Nevertheless, among the met soft skills the following is the most important: ability to communicate, visualize data, to do the presentations, to write and speak effectively. Skills of team working, management and a solution of problems are also useful.
Data Scientist Domain Knowledge
In some vacancies the knowledge of data domain from physics and biology to real estate and hotel business is required. Here in leaders economy, marketing and medicine.
Data Scientists Specializations
Before research we assumed to select subspecializations of a profession of Data Scientist. For example, to separate those who are engaged mainly in the analysis and data visualization from those who build models for predictive analytics or algorithms of machine learning. But, as it appeared during data analysis, requirements to the majority of vacancies are rather homogeneous, and accurate splitting into specialties is not traced.
Though some patterns seem interesting. For example, if in vacancy knowledge of Python or C ++ is required, then the requirement of communication skills and management and vice versa is improbable.
Influence of technologies on a salary
Poll of O'Reilly 2015 Data Science Salary Survey helps us to look at labor market from the opposite side. This research is based on poll of 600 Data Scientists, and collected data include the level of salaries, demographic information and an amount of time which specialists spend for problems of different types. Key outputs of this research following:
- SQL, Excel, R, Python – key tools, and this list does not change on an extent of 3 years.
- Strongly popularity of Spark and Scala grows.
- Focus of those who used specialized commercial tools earlier is displaced on use of R.
- But those who used R earlier pass to Python, Python is in the lead.
- Among all industries there are highest salaries in Software Development.
- Cloud Computing continues to be demanded.
We recommend to read the report entirely. Except other, it describes a mathematical model of dependence of a salary of Data Scientist from where he lives what education he has and on what tasks works. For example, Data Scientists which spend more time at meetings earn more. And who more than 4 hours a day are engaged in studying of data, earns less.
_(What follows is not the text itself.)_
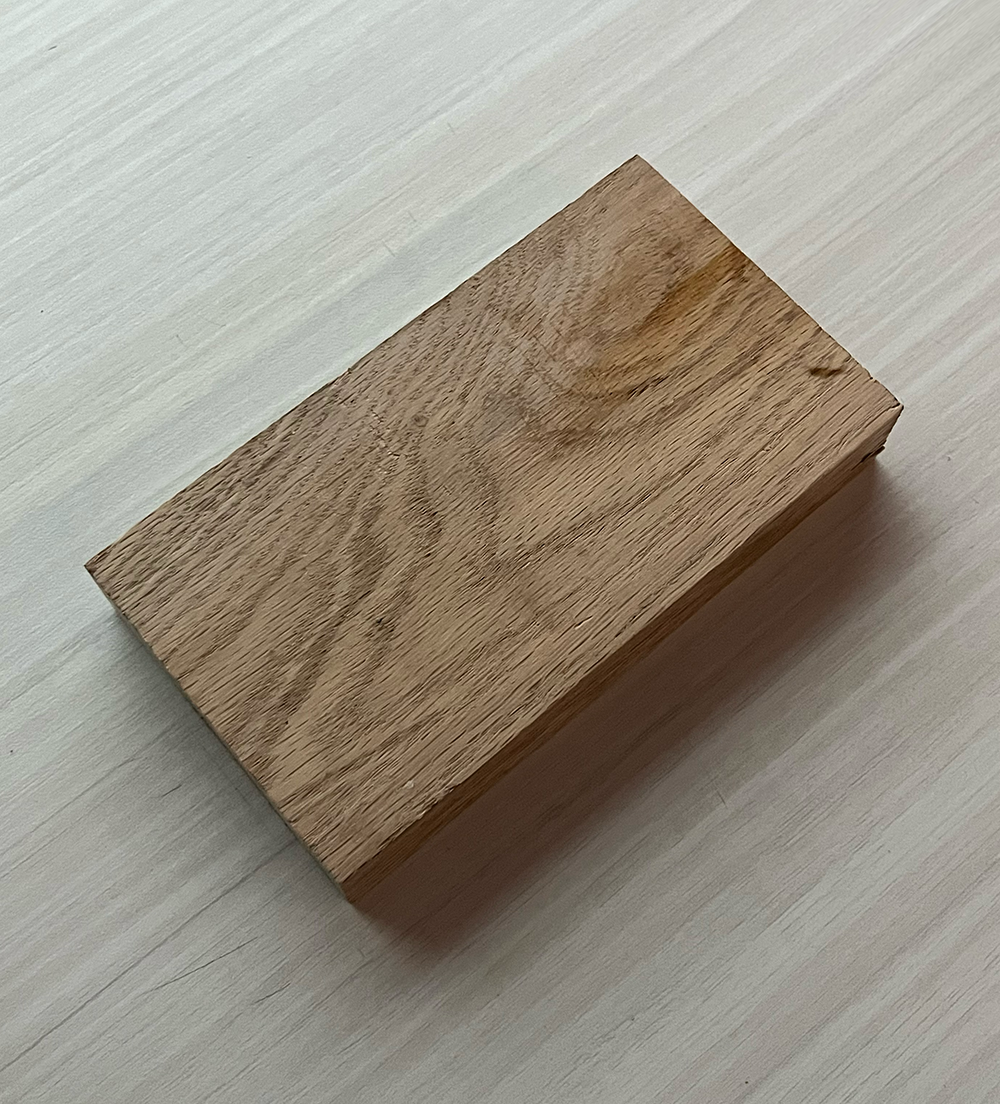 Wood has rough surface with a natural grain that can feel smooth when touching it, often used for furnitures or other handcraft items.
How to study Data Science?
In recent years there was a set of online-courses on this subject. And it is very good method to begin!
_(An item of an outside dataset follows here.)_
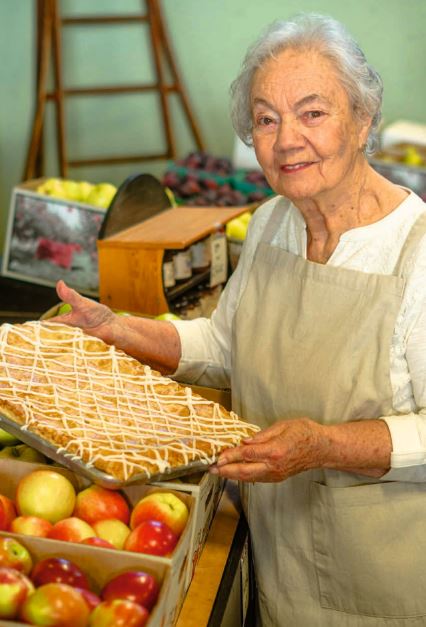 <who>Photo credit: The Davison Orchards Cookbook</who>Dora Davison, aka Nana, with her apple slice strudel.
If you incline more to data analysis, then good option are courses of specialization Data Science on Coursera: Launch Your Career in Data Science. Receipt of specialization is not free, but if you do not need the certificate, then you can complete all these courses free of charge: just look at the name of a course and by means of search find a course.
For those whom Machine Learning interests Andr En (Andrew Ng) can recommend a course, Chief Scientist in the Baidu Research company which in combination the teacher in Stanford also is a founder of Coursera: Computer training.
What is Data Science?
Data Science is a new sphere of activity therefore requirements to Data Scientists are not up to the end created. Considering dynamism of our time, perhaps, Data Science will never become an independent profession in which will train at universities, and and there will be a set a practician and skills. But it is precisely those practicians and those skills which will be very demanded in the next years.
This article is a translation of the original post at habrahabr.ru/post/271085/
If you have any questions regarding the material covered in the article above, please, contact the original author of the post.
If you have any complaints about this article or you want this article to be deleted, please, drop an email here: firstname.lastname@example.org.
We believe that the knowledge, which is available at the most popular Russian IT blog habrahabr.ru, should be accessed by everyone, even though it is poorly translated.
Shared knowledge makes the world better.